Problem - Below is a listing. Return the lines from the one that contains "8420 88 Avenue Property Photo 17" to the one that contains "3392 Greenbrier St, Vadnais", both ends included, verbatim and with no pictures.

*** Task data ***

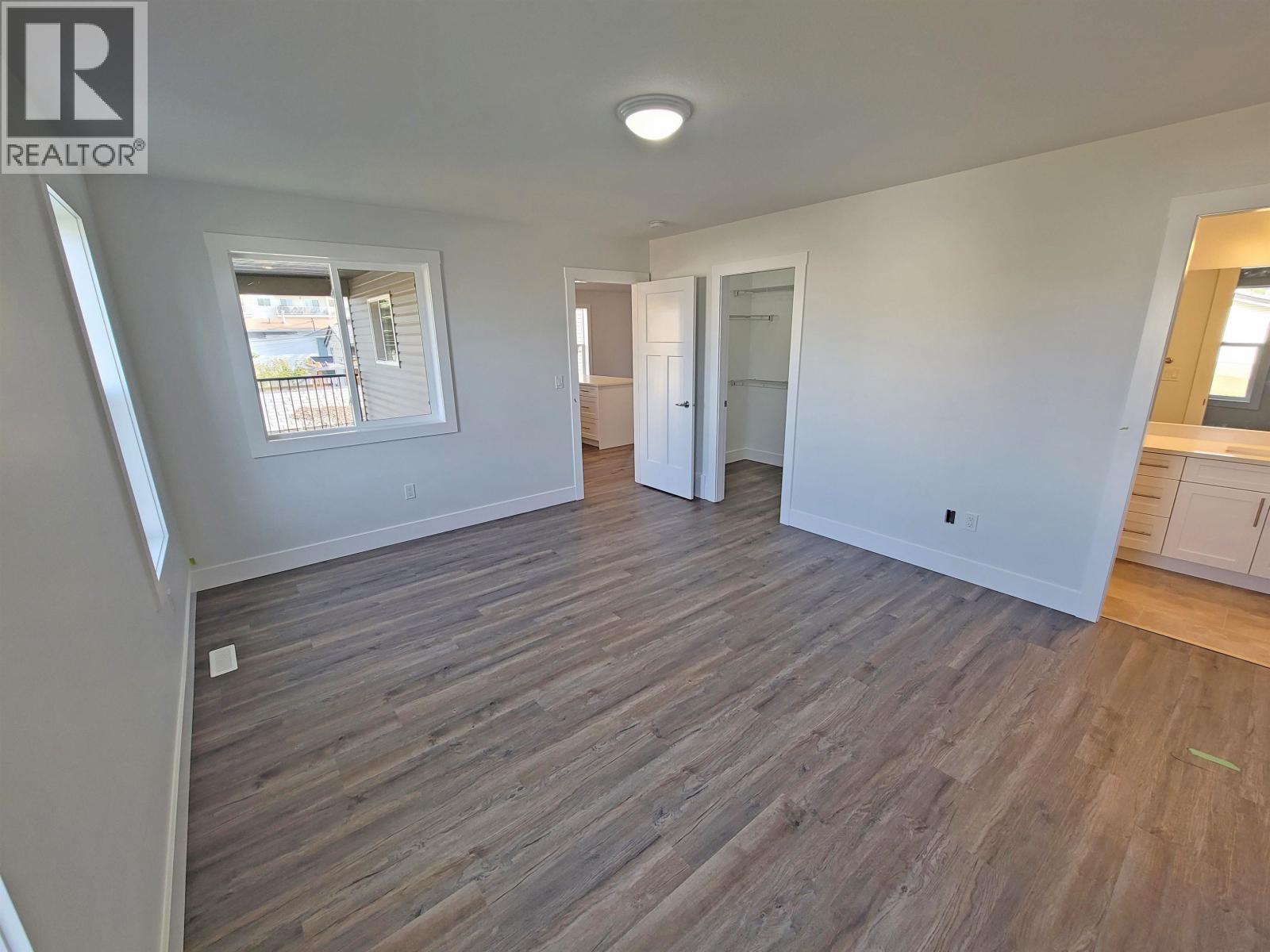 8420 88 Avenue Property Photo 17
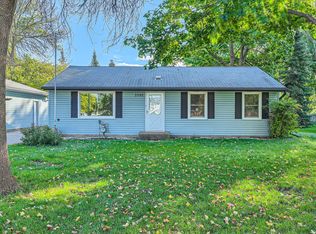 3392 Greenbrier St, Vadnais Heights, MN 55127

*** End of Task data ***
*** Task data ***

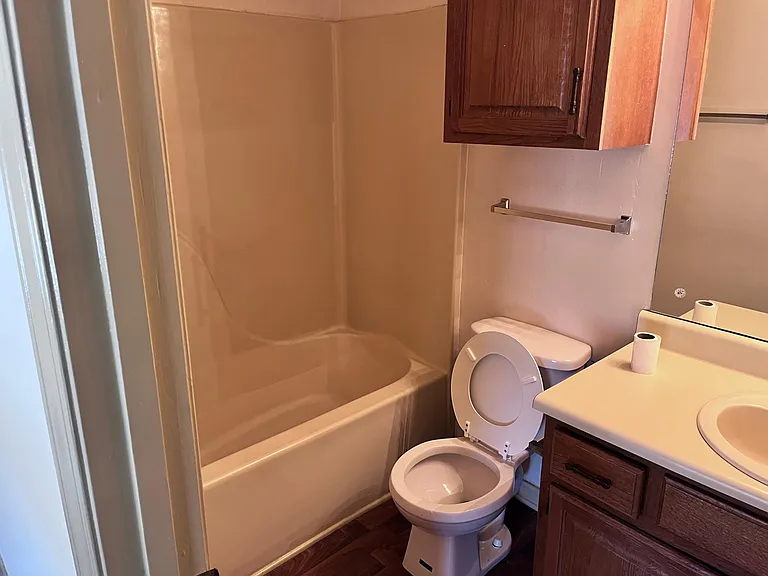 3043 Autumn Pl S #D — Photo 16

*** End of Task data ***
*** Task data ***

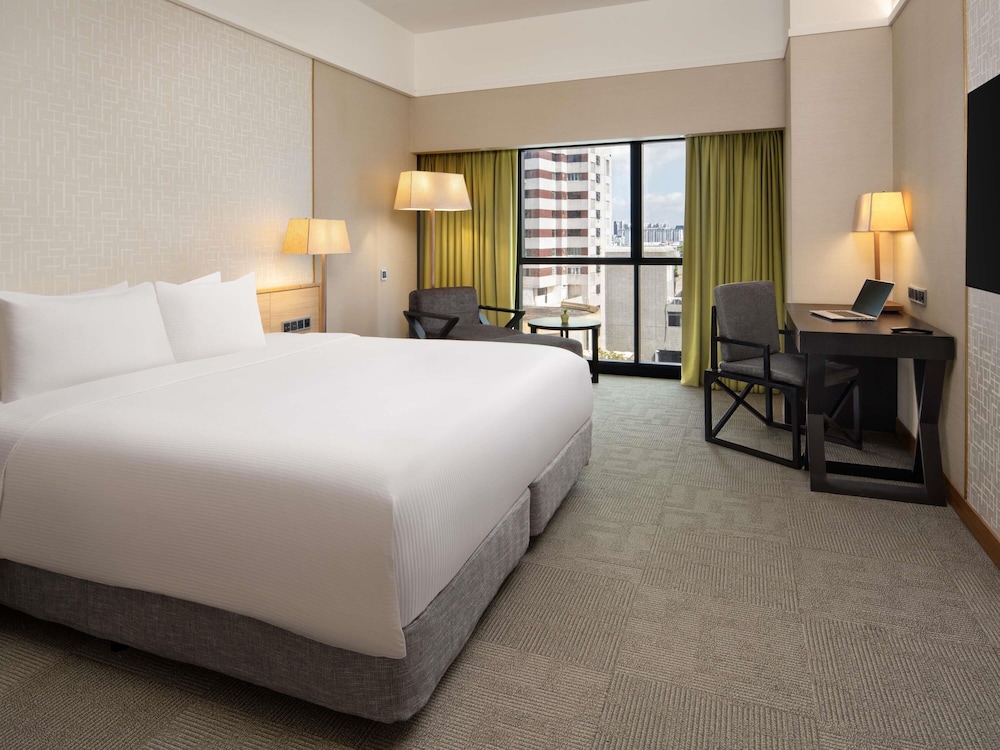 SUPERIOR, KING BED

*** End of Task data ***

Exercise answer -
 8420 88 Avenue Property Photo 17
 3392 Greenbrier St, Vadnais Heights, MN 55127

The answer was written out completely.